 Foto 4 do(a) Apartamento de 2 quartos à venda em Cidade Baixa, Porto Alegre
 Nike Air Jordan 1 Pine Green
::::
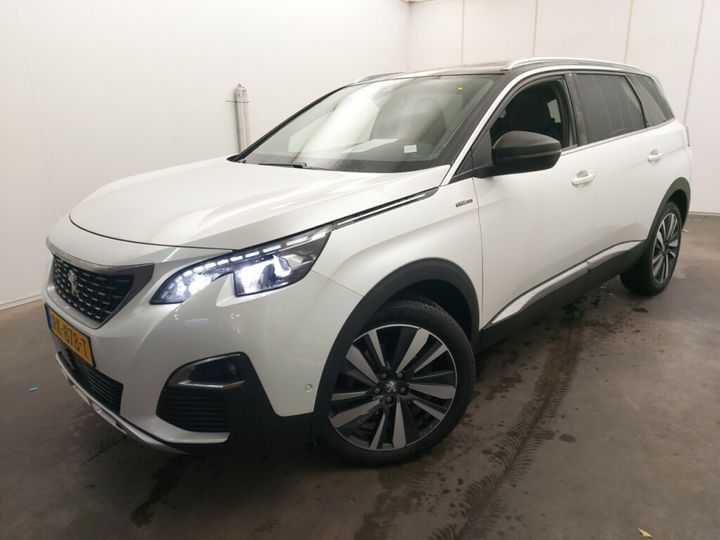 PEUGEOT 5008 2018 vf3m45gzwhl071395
::::
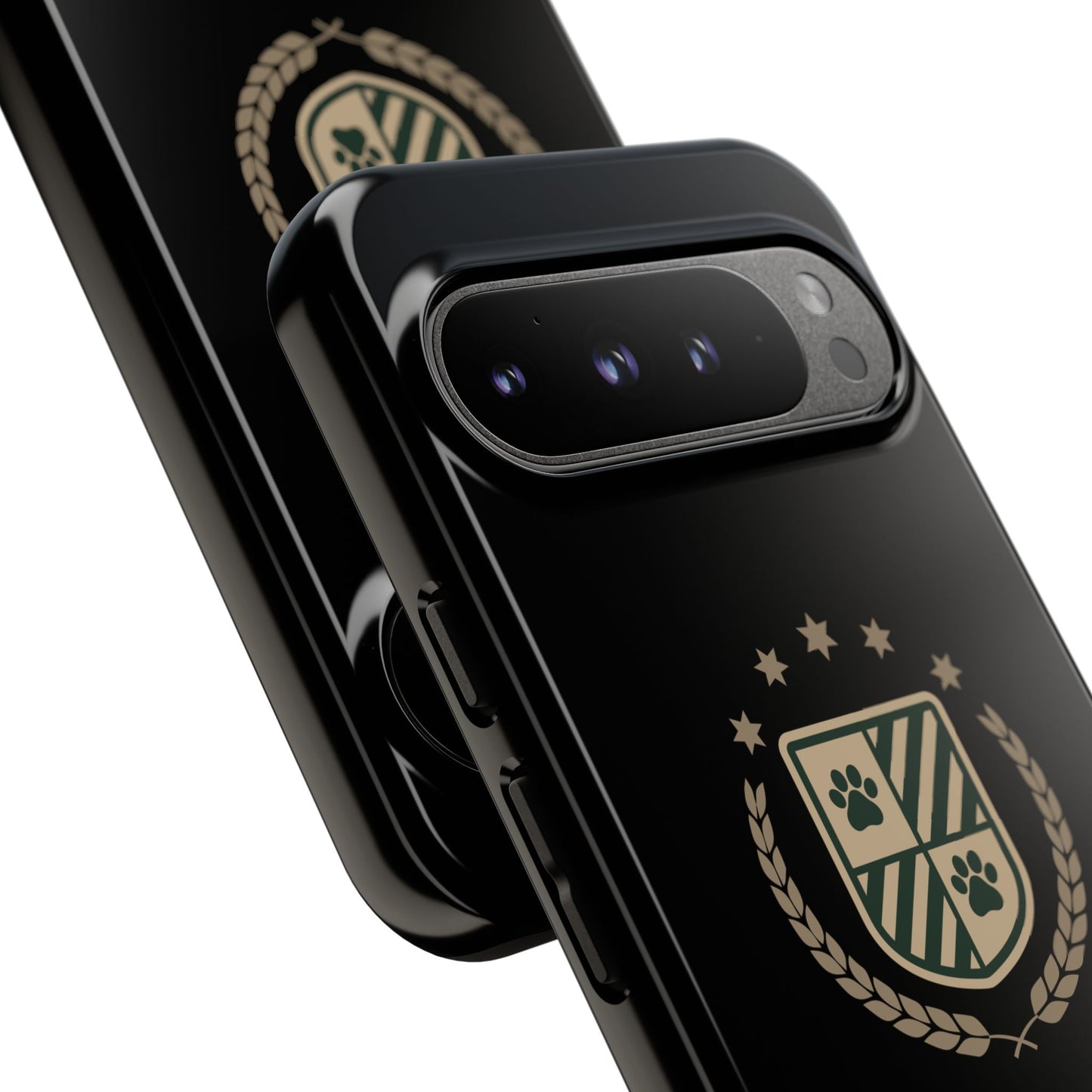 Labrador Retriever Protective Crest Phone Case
::::
» Task details:
Please copy, exactly and with nothing else, the lines above beginning at the line that has "Foto 4 do(a)" and ending with the line that has "Nike Air Jordan 1 Pine Green".

» Result of the task:
 Foto 4 do(a) Apartamento de 2 quartos à venda em Cidade Baixa, Porto Alegre
 Nike Air Jordan 1 Pine Green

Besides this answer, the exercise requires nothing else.